Zimbabwe and South Africa at the last half of the 20th century provide the complex backdrop for Nangle's melancholy debut. Structured as a series of snapshots in the life of Colleen, daughter of a white farmer and a former missionary, the book looks at the harrowing transitions from white to black rule. As a child, Colleen survives malaria in then-Rhodesia, which leaves her with a lifelong legacy of hallucinatory dreams that may or may not have a real-world basis. She also learns to cope with her younger sister's schizophrenia. The guerrilla warfare of the 1970s creates a tacit barrier between Colleen and her many Shona friends (the Shona people make up a majority in Zimbabwe). Their reluctance to tell Colleen the truth about their political activities causes her to inadvertently betray them. Over time—and with a few harrowing adventures of her own as she studies nursing in South Africa, marries and gives birth to a son—the number of black Africans in Colleen's life dwindles. She is herded into a purely white world, despite the end of apartheid. While a simple coming of age tale on the surface, Nangle's poetic and often heartbreaking story exposes racism's insidious effect on all concerned.
— Publishers Weekly

A difficult adolescence and young womanhood are lived out during Rhodesia’s violent transition into contemporary Zimbabwe, in Michigan author Nangle’s compelling first novel.
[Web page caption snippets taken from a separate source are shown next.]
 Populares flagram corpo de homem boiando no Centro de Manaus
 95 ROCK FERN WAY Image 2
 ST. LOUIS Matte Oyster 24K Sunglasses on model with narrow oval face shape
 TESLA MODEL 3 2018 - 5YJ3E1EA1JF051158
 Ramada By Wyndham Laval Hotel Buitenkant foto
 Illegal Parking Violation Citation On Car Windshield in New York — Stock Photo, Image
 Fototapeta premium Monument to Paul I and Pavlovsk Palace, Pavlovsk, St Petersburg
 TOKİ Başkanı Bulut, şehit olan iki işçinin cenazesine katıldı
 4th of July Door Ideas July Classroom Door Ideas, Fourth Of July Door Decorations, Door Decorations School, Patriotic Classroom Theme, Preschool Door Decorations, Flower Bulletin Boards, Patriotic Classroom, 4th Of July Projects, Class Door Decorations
The central character, Colleen, through whose viewpoint we observe these changes, grows up on the coffee farm owned by her widowed father, a former American missionary who stayed on in Nyadzi after his wife’s death from malaria. The novel’s first half offers lyrical episodic portrayals of Colleen’s protective yet combative relationship with her mentally disturbed younger sister Sarah (who “hears voices,” and is eventually sent to a “special school”) and stoical devotion to her hardworking father, juxtaposed with gratifying relationships with a number of native (Shona) caregivers and comrades. The more memorable of the latter include her family’s household servant Mapipi (first to realize the seriousness of Sarah’s condition), mission nurse Julia Chonongera (in whose footsteps Colleen will follow) and Colleen’s de facto first love Heresekwe, a passionate Shona activist in the making. What Colleen learns from them all—and from the lepers who, to her unjaundiced eye, “look like lions”—clashes with the policies of a brutal colonial government and sets her on a path of resistance and commitment that is compressed, perhaps rather too tightly, into tense later chapters that detail her experiences as a community health nurse, her marriage to a multiracial musician and her embattled motherhood.. Nangle brings Colleen’s story to a moving conclusion, after she has survived grave threats to her new life and made peace with the world of her youth, as her father’s passing coincides with national and cultural change.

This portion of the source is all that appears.